Differential Privacy for Credit Risk Model

24 Jun 2021  ·  Tabish Maniar, Alekhya Akkinepally, Anantha Sharma ·

The use of machine learning algorithms to model user behavior and drive business decisions has become increasingly commonplace, specifically providing intelligent recommendations to automated decision making. This has led to an increase in the use of customers personal data to analyze customer behavior and predict their interests in a companys products. Increased use of this customer personal data can lead to better models but also to the potential of customer data being leaked, reverse engineered, and mishandled. In this paper, we assess differential privacy as a solution to address these privacy problems by building privacy protections into the data engineering and model training stages of predictive model development.
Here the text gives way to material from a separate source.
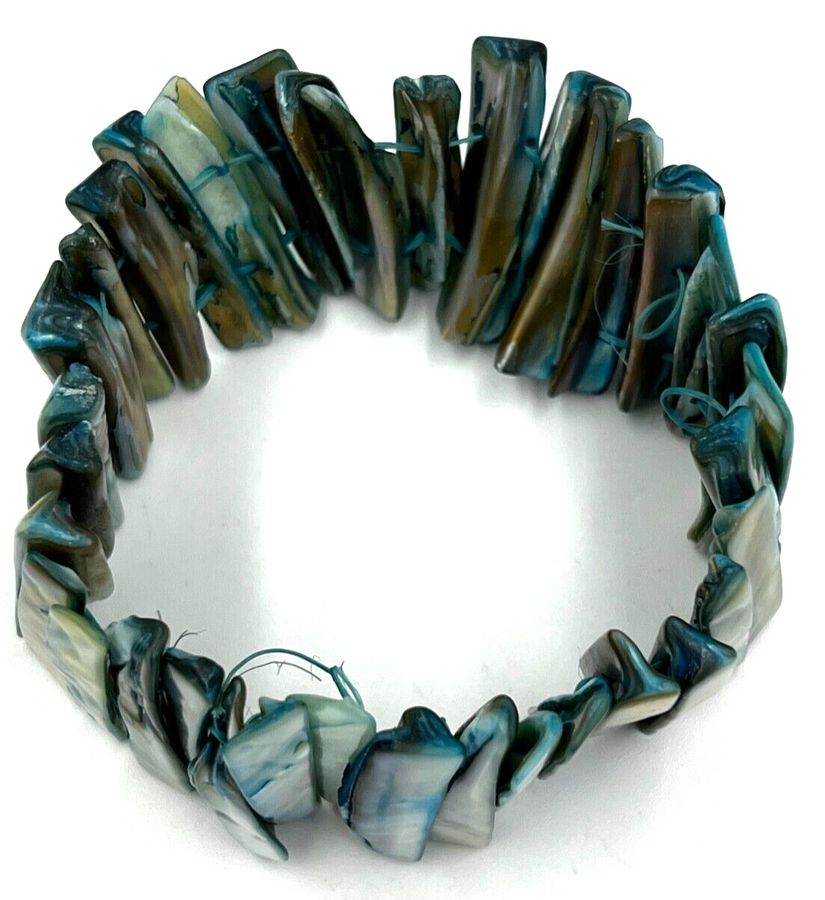 Antique Vintage Turquoise Mother of Pearl Shell Chunky Bracelet Wide Cuff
Our interest is a pragmatic implementation in an operational environment, which necessitates a general purpose differentially private modeling framework, and we evaluate one such tool from LeapYear as applied to the Credit Risk modeling domain. Credit Risk Model is a major modeling methodology in banking and finance where user data is analyzed to determine the total Expected Loss to the bank. We examine the application of differential privacy on the credit risk model and evaluate the performance of a Differentially Private Model with a Non Differentially Private Model. Credit Risk Model is a major modeling methodology in banking and finance where users data is analyzed to determine the total Expected Loss to the bank. In this paper, we explore the application of differential privacy on the credit risk model and evaluate the performance of a Non Differentially Private Model with Differentially Private Model.